Search code examples
jsonelasticsearchlogstashlogstash-configuration

Logstash - import nested JSON into Elasticsearch


I have a large amount (~40000) of nested JSON objects I want to insert into elasticsearch an index.

The JSON objects are structured like this:

    {
    "customerid": "10932"
    "date": "16.08.2006",
    "bez": "xyz",
    "birthdate": "21.05.1990",
    "clientid": "2",
    "address": [
        {
            "addressid": "1",
            "tile": "Mr",
            "street": "main str",
            "valid_to": "21.05.1990",
            "valid_from": "21.05.1990",
        },
        {
            "addressid": "2",
            "title": "Mr",
            "street": "melrose place",
            "valid_to": "21.05.1990",
            "valid_from": "21.05.1990",
        }
      ]
    }

So a JSON field (address in this example) can have an array of JSON objects.

What would a logstash config look like to import JSON files/objects like this into elasticsearch?
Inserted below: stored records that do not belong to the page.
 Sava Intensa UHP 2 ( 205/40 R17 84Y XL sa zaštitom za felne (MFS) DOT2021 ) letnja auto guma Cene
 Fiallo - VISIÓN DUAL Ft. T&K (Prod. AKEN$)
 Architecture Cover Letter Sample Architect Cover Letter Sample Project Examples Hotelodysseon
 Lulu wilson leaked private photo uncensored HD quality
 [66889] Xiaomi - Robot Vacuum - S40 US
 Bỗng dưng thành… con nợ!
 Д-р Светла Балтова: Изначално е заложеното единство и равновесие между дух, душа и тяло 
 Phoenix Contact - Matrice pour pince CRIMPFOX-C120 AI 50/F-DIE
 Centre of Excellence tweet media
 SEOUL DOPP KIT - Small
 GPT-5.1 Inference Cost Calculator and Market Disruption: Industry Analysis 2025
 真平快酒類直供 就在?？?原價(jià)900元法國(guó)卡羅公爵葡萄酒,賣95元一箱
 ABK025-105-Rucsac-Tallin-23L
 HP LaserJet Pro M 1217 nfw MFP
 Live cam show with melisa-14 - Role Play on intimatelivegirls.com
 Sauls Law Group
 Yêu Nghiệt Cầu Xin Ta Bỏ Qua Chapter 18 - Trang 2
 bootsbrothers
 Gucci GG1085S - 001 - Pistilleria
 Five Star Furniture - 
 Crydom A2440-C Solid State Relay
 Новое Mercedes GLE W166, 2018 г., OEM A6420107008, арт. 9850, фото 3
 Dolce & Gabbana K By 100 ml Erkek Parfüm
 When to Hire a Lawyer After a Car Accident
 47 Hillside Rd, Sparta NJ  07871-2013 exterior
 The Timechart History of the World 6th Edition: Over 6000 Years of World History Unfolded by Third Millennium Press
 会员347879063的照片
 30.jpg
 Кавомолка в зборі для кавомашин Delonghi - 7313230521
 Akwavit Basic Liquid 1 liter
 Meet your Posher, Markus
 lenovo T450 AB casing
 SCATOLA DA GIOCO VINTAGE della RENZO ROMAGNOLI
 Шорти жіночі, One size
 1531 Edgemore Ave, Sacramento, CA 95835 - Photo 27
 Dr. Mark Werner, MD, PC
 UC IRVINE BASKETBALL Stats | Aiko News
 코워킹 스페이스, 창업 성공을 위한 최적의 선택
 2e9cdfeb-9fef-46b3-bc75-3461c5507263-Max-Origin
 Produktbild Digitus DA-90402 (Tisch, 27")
The elasticsearch mapping for this index should just look like the structure of the JSON. The elasticsearch document id should be set to customerid.

input {
  stdin {
    id => "JSON_TEST"
  } 
}
filter {
    json{
        source => "customerid"
        ....
        ....    
    }

}
output {
       stdout{}
       elasticsearch {
          hosts => "https://localhost:9200/"
          index => "customers"           
          document_id => "%{customerid}"
       }                                               
}

Solution

  • If you have control of what's being generated, the easiest thing to do is to format you input as single line json and then use the json_lines codec.

    Just change your stdin to:

    stdin { codec => "json_lines" }
    

    and then it'll just work:

    cat input_file.json | logstash -f json_input.conf
    

    where input_file.json has lines like:

    {"customerid":1,"nested": {"json":"here"}}
    {"customerid":2,"nested": {"json":"there"}}
    

    and then you won't need the json filter.